So the greatest time of the year is approaching, and I can't say I'm looking forward to it. Thanksgiving and Christmas are holidays that I love, but dread at the same time.
When I was a kid and even as a young adult I loved spending holidays with my Mom's family. I remember holidays in Rochester and Scotsville, NY. I remember lots of family, wonderful food, Aunt Ginny's girly tree in the parlor and the tall tree in the family room. I remember the tree in my Grandparent's living room. We rarely went in there, but with the tree in there we spend time there. I loved that room. I kind of felt like holding my breath when I entered it. I loved the figurines on the mantle and the formal furniture. The room seemed perfect to me. I loved the laughter, games, sitting at the kids' table. I remember watching football, lots and lots of football.
I always thought when I grew up holidays would be like that. They aren't. Sometimes we have family dinners, but sometimes that family is just three of us. We might watch football, but there is no noisy outbursts of cheers or groans. Every year there seems to be a diet someone is on so the meal is simple, good, but simple. There are no children running from room to room. There are some games, when the kids are there. We watch It's A Wonderful Life if it's on. There is no parlor with a girly tree or a sacred living room with figurines on the mantle.
The worst part is I imagined it would be my house full of family, food, fun, and football. But it's not. I have no family. I have no reason to cook lots of cookies, candies, and treats for the holidays. This is what I've always dreamed of. Each holiday season reminds me of what I long for and don't have.
I have great family. They include me, but it also makes me feel like a third, fifth, and sometimes a seventh wheel. Being with the nephews and niece just reminds me of the children I thought I'd have by now and don't. I love my family and love spending time with them, but around the holidays it hurts at the same time. I always imagined spending time with them and my family.
I just wonder how many holiday seasons more I will spend before some of those dreams come true, or if I will spend all the rest of them this way.

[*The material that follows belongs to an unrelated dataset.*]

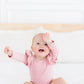Vintage Pink Long Sleeve Flutter Bodysuit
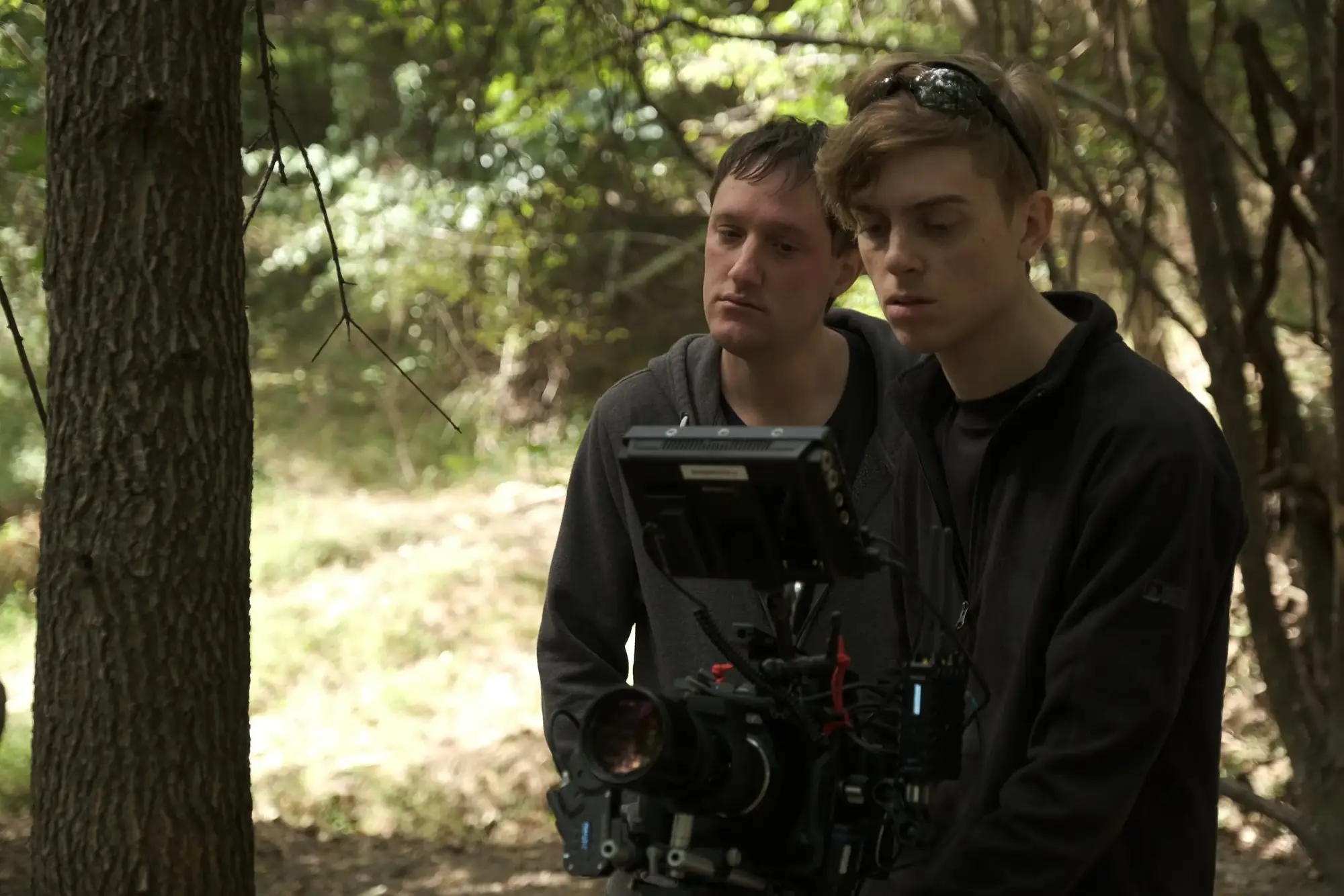 Two crew members checking a camera rig at the edge of a forest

Recently I started to wonder how many others feel the same way. I wonder how many people have gone holiday season to holiday season wishing and waiting for a family of their own to celebrate with. Sometimes we feel like we are the only one, but I believe that is a lie of satan. He doesn't want us to know there are others. He wants us to feel isolated and alone. He doesn't want us to turn to God in our hurt. He wants us to stay sad. Sometimes, I admit, it is hard to turn to God when I hurt. Sometimes I am angry with Him. Sometimes I wonder how much longer until He changes things. I know He might not change things, but He definitely is changing me.
I know this holiday season won't be easy, but I also know that He is with me and He knows my every want, desire, and need.